От матери-француженки, не слишком талантливой актрисы, Мадлен унаследовала свою необычную красоту, точеную фигуру, лицо в форме сердца и голубые глаза. От отца, капитана британского королевского флота, она получила все остальное — живость характера, здравый смысл, чувство юмора и стремление к совершенству. Он хотел жениться на матери Мадлен, но, к сожалению, Элеонора Билодо оказалась эгоистичным и довольно примитивным существом. Она отказалась выходить замуж, предпочитая кочевать из одного прокуренного и вонючего театра в другой. Ее красивая дочь всегда была рядом с ней, но это объяснялось не привязанностью или проявлением материнской заботы, а скорее возможностью использовать Мадлен в качестве рабыни.

В течение двенадцати лет девочка умоляла мать отпустить ее в Англию, где она могла бы спокойно жить в семье отца, но Элеонора упорно отказывала ей в этом. Мадлен видела отца всего лишь раз пять за всю свою жизнь, но эти драгоценные минуты наполнили ее жизнь радостью. Он очень любил свою незаконнорожденную дочь Летом тысяча восемьсот тридцать третьего года девочка нашла в шкафу матери письмо от своей английской семьи, в котором в торжественно-официальных выражениях сообщалось о смерти ее отца. Он умер год назад где-то в Вест-Индии от холеры. Мадлен хорошо помнила тот пасмурный день в Кельне, когда ее мать, полуголая, расхаживала по сцене. Именно в этот день девочка почувствовала, что ее любовь к родине умерла и она перестала быть француженкой.
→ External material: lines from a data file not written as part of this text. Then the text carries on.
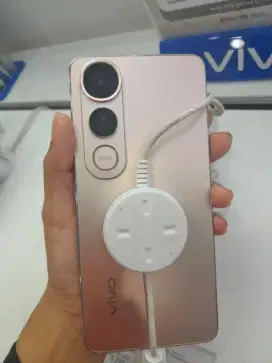 PROMO BUNGA 0% VIVO V50 LITE 128GB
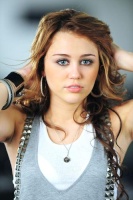 miley is the best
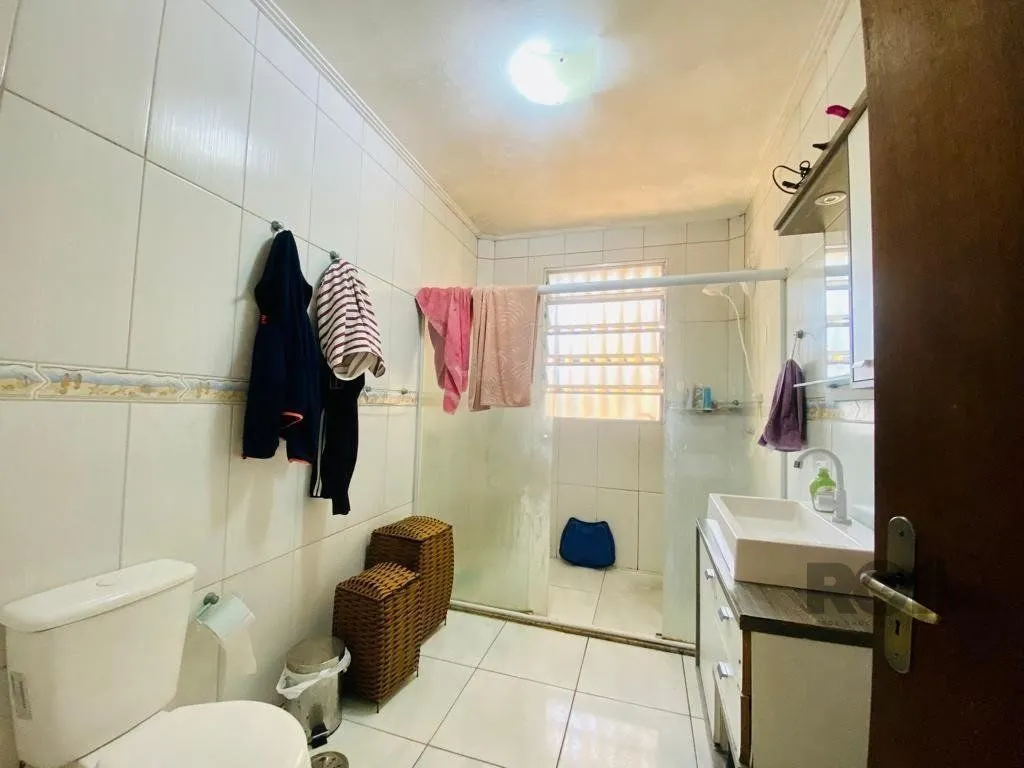 Imagem Apartamento em Floresta
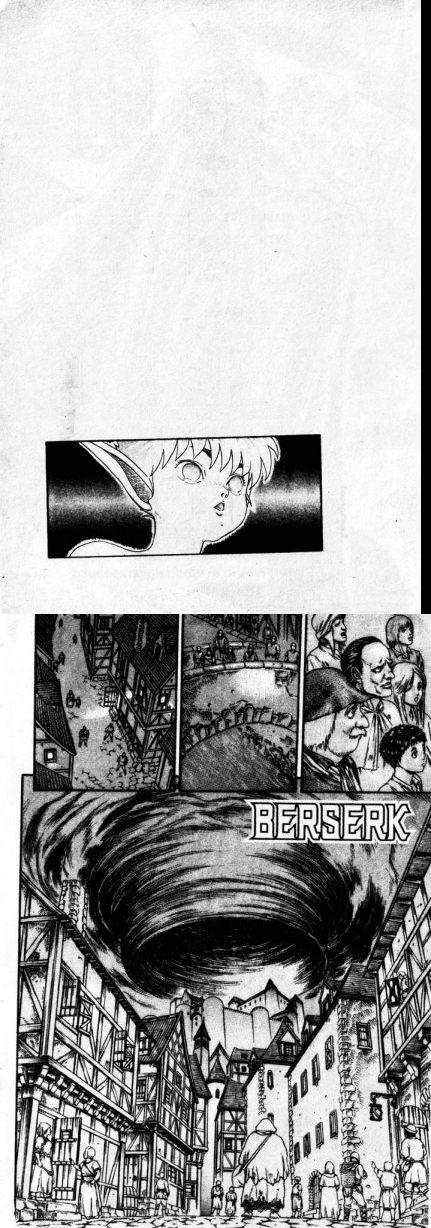 Manga-lc-com อ่านมังงะ อ่านการ์ตูน ออนไลน์ ฟรี Berserk ตอนที่ 1 2 3 4 5 6 7 8 9 10 11 12 13 14 ฟรี ไม่มีโฆษณา Manga-lc - อ่าน มังงะ อ่าน การ์ตูน ออนไลน์ อ่านมังงะ ฟรี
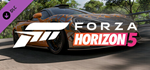 Forza Horizon 5 2021 McLaren 620R DLC * STEAM РОССИЯ*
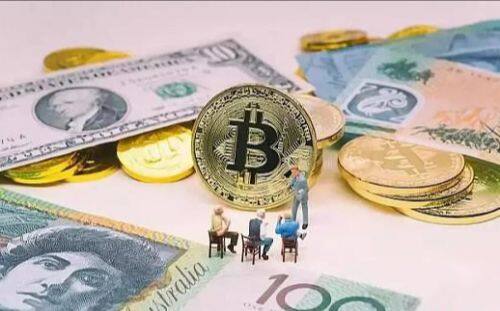 (最新版gate.io官网入口)gate.io交易所商兑服务平台-第1张图片-欧意下载 (最新版gate.io官网入口)gate.io交易所商兑服务平台-第1张图片-欧意下载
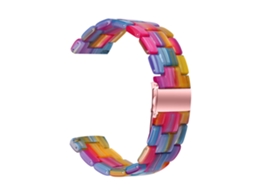 Bracelete para Huami Amazfit Bip S 680603211D
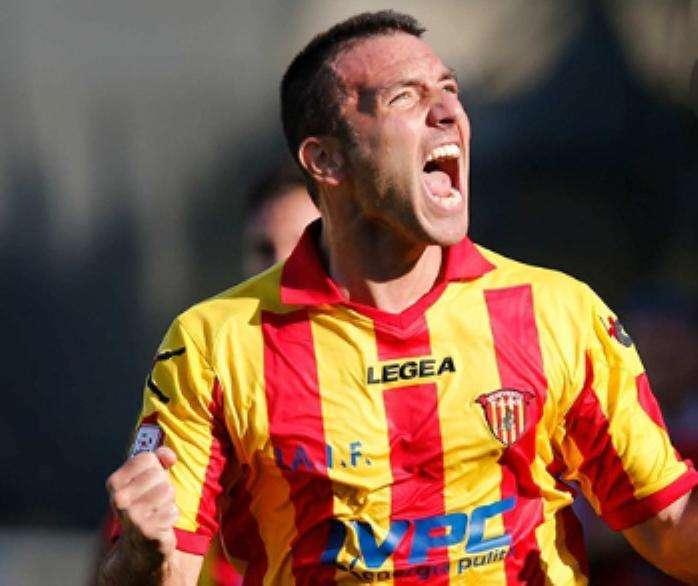 Esclusiva TB, l’ex bomber Felice Evacuo: “Momento difficile ma la squadra ne uscirà fuori"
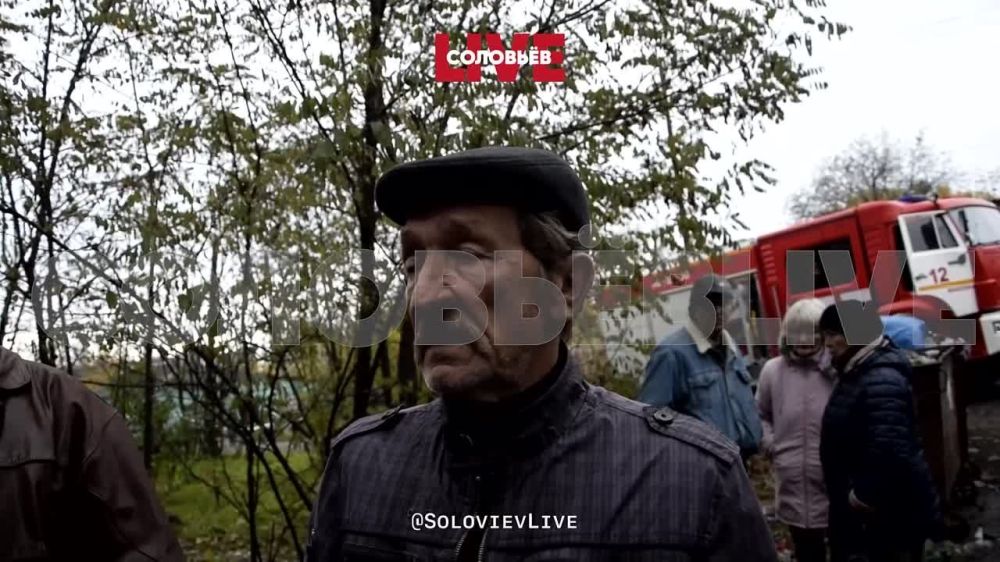 ������, �� �� ��������. ��������� ��� ��� � ��������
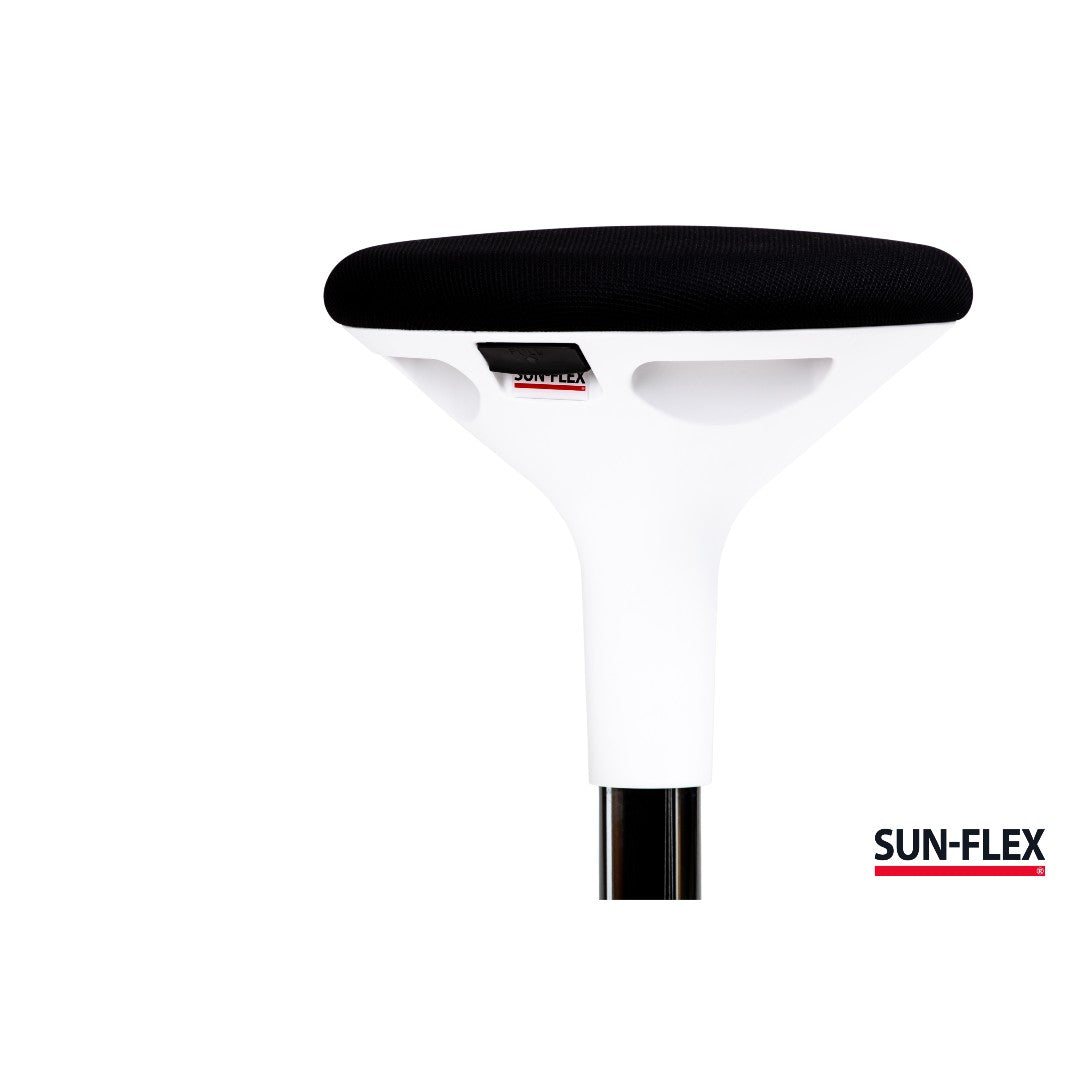 Sun-Flex Balanspall Active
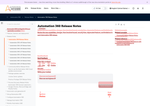 Check dated 2026-07-06T16:38:12.000Z thumbnail image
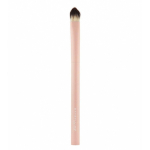 Maybelline Gigi Hadid Eye Brush GC03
Когда ей исполнилось шестнадцать лет, Мадлен получила свою первую работу в кордебалете и стала выступать в маленьком, всегда переполненном танцзале, где благопристойные и цивилизованные мужчины превращались ночью в потных, пьяных, похотливых животных. Они отпускали грязные шутки и бросали на сцену монеты в надежде получить благосклонность артисток. Это был ее единственный доход, но ни разу за четыре года она не позволила себе продаться за деньги. Помня слова своего отца, девушка старалась сохранить в себе самоуважение и не опускаться до грязи, в которой жила ее мать.